A little bit of Chambers Street on Rehov Berlin

As we were winding down our night and walking home from Emek Refaim, my old stomping grounds in New York City were just heating up.

Mayor Bloomberg called a surprise press conference to announce that Joel Klein, schools chancellor since 2002, was resigning and a publishing executive, Cathleen Black, would take his place. I spent the whole night and much of today feverishly reading, writing, Tweeting, and editing about this unexpected news. Here's the fruit of that effort, an article about Klein's 8-year tenure that my colleague and I are calling a "first draft of history."
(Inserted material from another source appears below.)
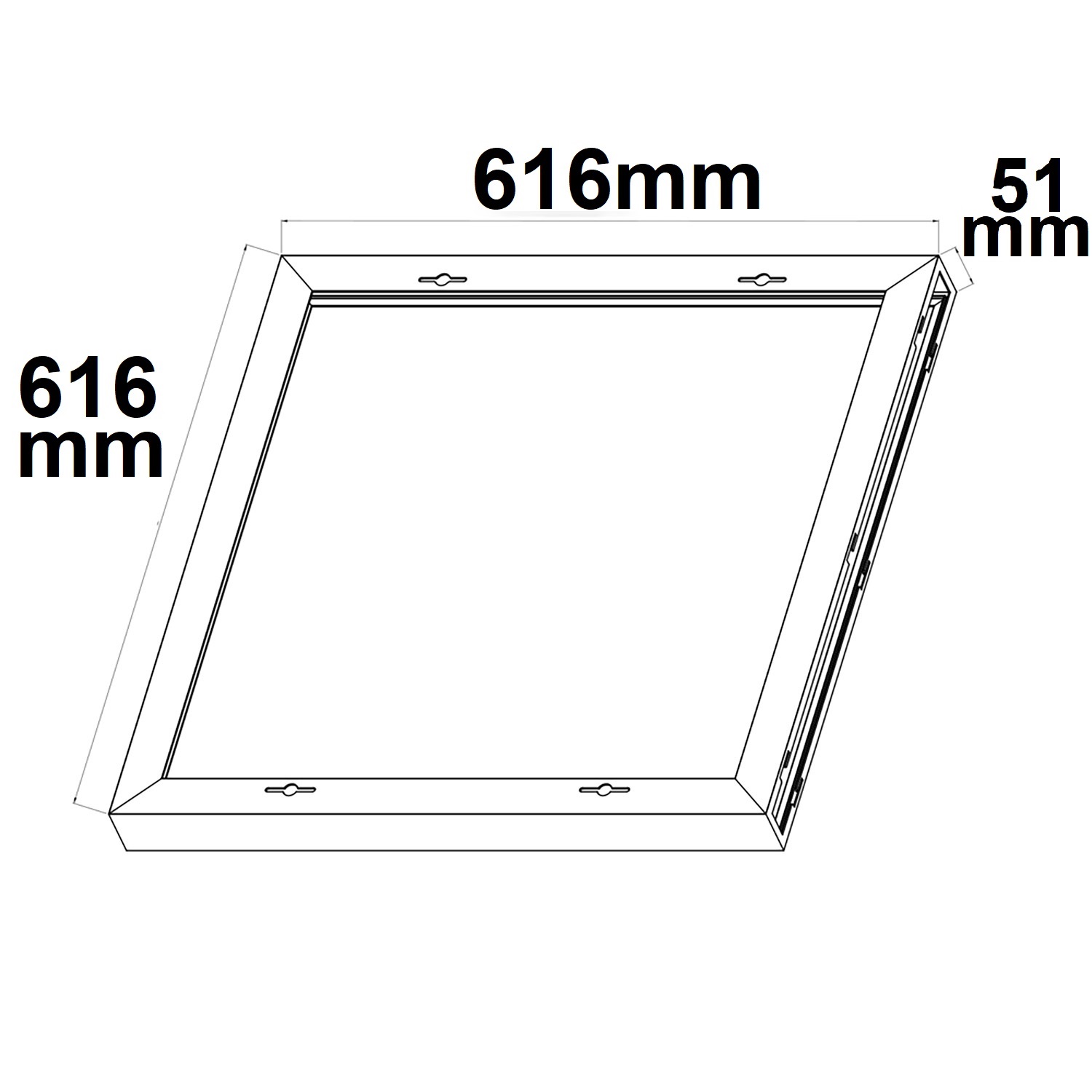 ISOLED Aufbaurahmen weiß RAL 9016 Höhe 5cm für LED Panels 600x600 vormontiert zur Schnellmontage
I've been reporting about New York City's schools for two-thirds of the time that Klein was running them, and my all-night sprint down memory lane awakened a serious sense of nostalgia in me. It also made me anxious about the path I take when we return to New York in June. When Bloomberg won a third term last year, I told anyone who would listen that I couldn't fathom another four years of writing about the same education agenda. But now I'm wondering what it will be like to walk into a press conference and see unfamiliar faces, to have to rebuild my Rolodex with unfamiliar administrators, to get used to a fresh set of pet peeves and passions. I had an idea that just as I was putting my life on pause to be with Benjamin in Jerusalem, the city and my beat would hit the pause button too. I'm a little bit devastated every time I'm reminded how wrong that idea is.